DIRECTIONS.
Below are the records; extract from them the line containing "RUMAH BARU 2" to the line containing "2026 Porsche Macan Base's photo", both lines included, exactly and with no pictures.

DATA FOR ANALYSIS.
★ ★ ★

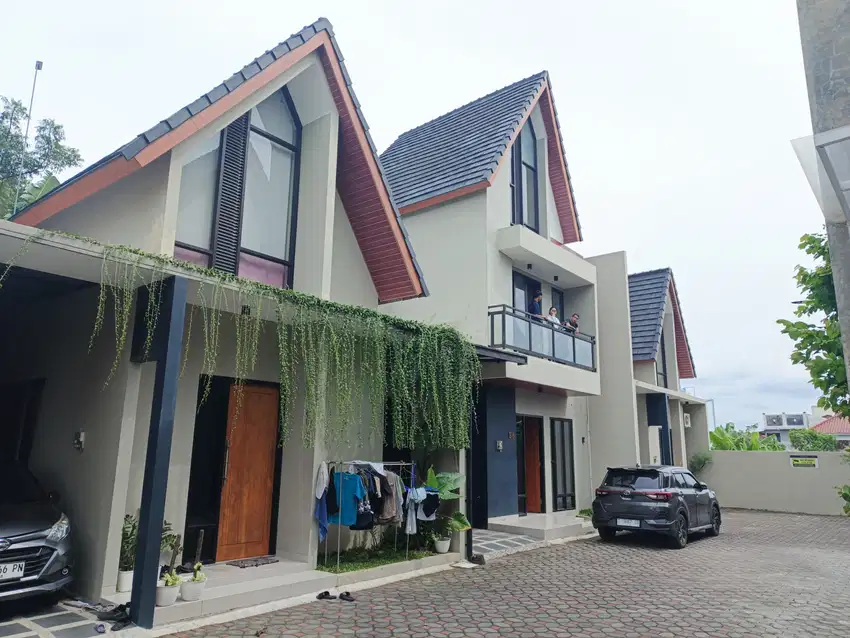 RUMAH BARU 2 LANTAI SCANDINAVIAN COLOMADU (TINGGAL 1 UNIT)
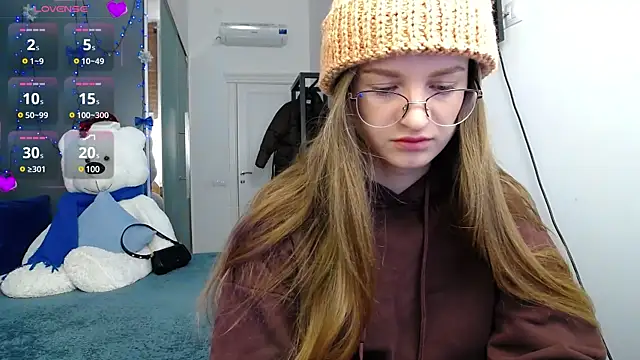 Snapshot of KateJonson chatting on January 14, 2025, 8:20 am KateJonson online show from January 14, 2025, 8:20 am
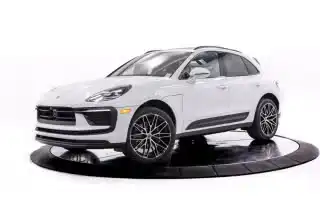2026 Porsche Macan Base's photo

★ ★ ★

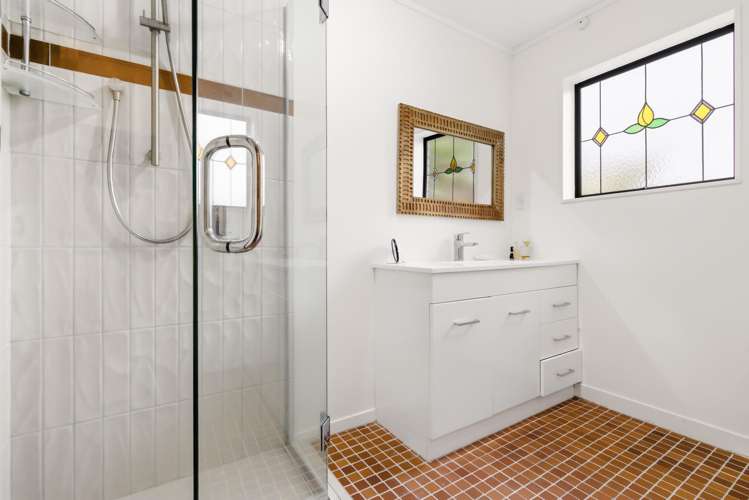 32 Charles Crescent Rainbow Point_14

★ ★ ★

EXERCISE ANSWER.
 RUMAH BARU 2 LANTAI SCANDINAVIAN COLOMADU (TINGGAL 1 UNIT)
 Snapshot of KateJonson chatting on January 14, 2025, 8:20 am KateJonson online show from January 14, 2025, 8:20 am
2026 Porsche Macan Base's photo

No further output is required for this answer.